I ended the previous post where I did because I have too many photos of this place for one post. These are from three trips up to Devil’s Canyon taken within a 2-week period.
Further up the canyon from the end of the previous post, the erosion from the canyon’s wash becomes prominent.
It was at about this point that I stopped and took another photosphere. As explained before, Substack can’t render photospheres, so here’s a link to it on Google Maps. You can scroll up, down, and all around using your mouse. You can also zoom in or out of a view using your mouse wheel:
Devil's Canyon, photosphere #2
Just up ahead, and just before the mouth of the canyon, the trail enters the Black Ridge Canyons Wilderness:
It’s a pleasant spot. There is vegetation, and Juniper trees that offer some shade. A nice place for a picnic.

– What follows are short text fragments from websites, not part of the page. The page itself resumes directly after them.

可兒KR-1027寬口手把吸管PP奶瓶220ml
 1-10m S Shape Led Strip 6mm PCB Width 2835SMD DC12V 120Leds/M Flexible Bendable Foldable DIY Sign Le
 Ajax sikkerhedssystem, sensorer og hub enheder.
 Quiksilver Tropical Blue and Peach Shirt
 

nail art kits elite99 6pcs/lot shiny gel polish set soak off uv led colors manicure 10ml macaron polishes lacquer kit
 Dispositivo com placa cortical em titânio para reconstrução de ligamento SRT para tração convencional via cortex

At this juncture, you’re a little over a mile from the trail head. The mouth of the canyon is just ahead. Here’s a view from just inside the mouth of the canyon, looking back the way you came:
This bluff impressed me. So I pointed the camera up and took a wide-angle shot of it. And caught the distinct odor of cat pee.
Cat urine! That could mean one of only two things: a cougar nearby, or those Juniper trees that were all around me. Yes, Junipers put out an odor that smells like cat pee.
Now, I don’t ever want to mess with a cougar. Back in my former life in Indian Hills, that gulch was filled with them. One day on a hike, I came across a brutal death scene of a buck deer that used to hang out in my back yard (I recognized him from a distinctive curl in one of his antlers). His leg bones were broken, one of his antlers was broken, meat had been chewed out from inside of him — and cat tracks all over. It was a scene of incredible violence that shook me. Another time, one of my neighbors pulled into his garage one night to find a cougar IN the garage, between him and the door of the house.
And decades earlier, I met a hunter who’d been attacked by a cougar in Oregon, and got his story published in some hunting magazine (I think it was Outdoor Life). He survived because he heard the cat brush against a twig in mid-pounce, and whipped around to see what was behind him. The cat landed on his chest instead of his back, as it had intended. He dropped his gun, because it was useless, and pulled out his hunting knife and started stabbing the cat in its belly. He was still mangled pretty badly, but managed to make it back to town and the emergency room.
So I smelled cat pee. I got nervous. Looked all around, didn’t see anything. But they are very good at hiding.
Realizing I was probably smelling the Junipers, I decided to leave anyway. Checking back over my shoulder every few steps. Because my hunter friend had never heard the cat that pounced him until it was in mid-air and brushed against a twig.
I did not want a 100+ pound cat pouncing onto my back.
I did make one more hike to that spot, and a bit beyond, to get one last photosphere. Here is what I consider the best of the bunch. It is also on Google Maps, so everything I said above applies (i.e., you can zoom as well as pan):
I took one last shot of that hoodoo on my way out. That thing fascinated me.
Whoa 😳
Words fail, except to say that the red strata among the bluffs is quite a beautiful contrast.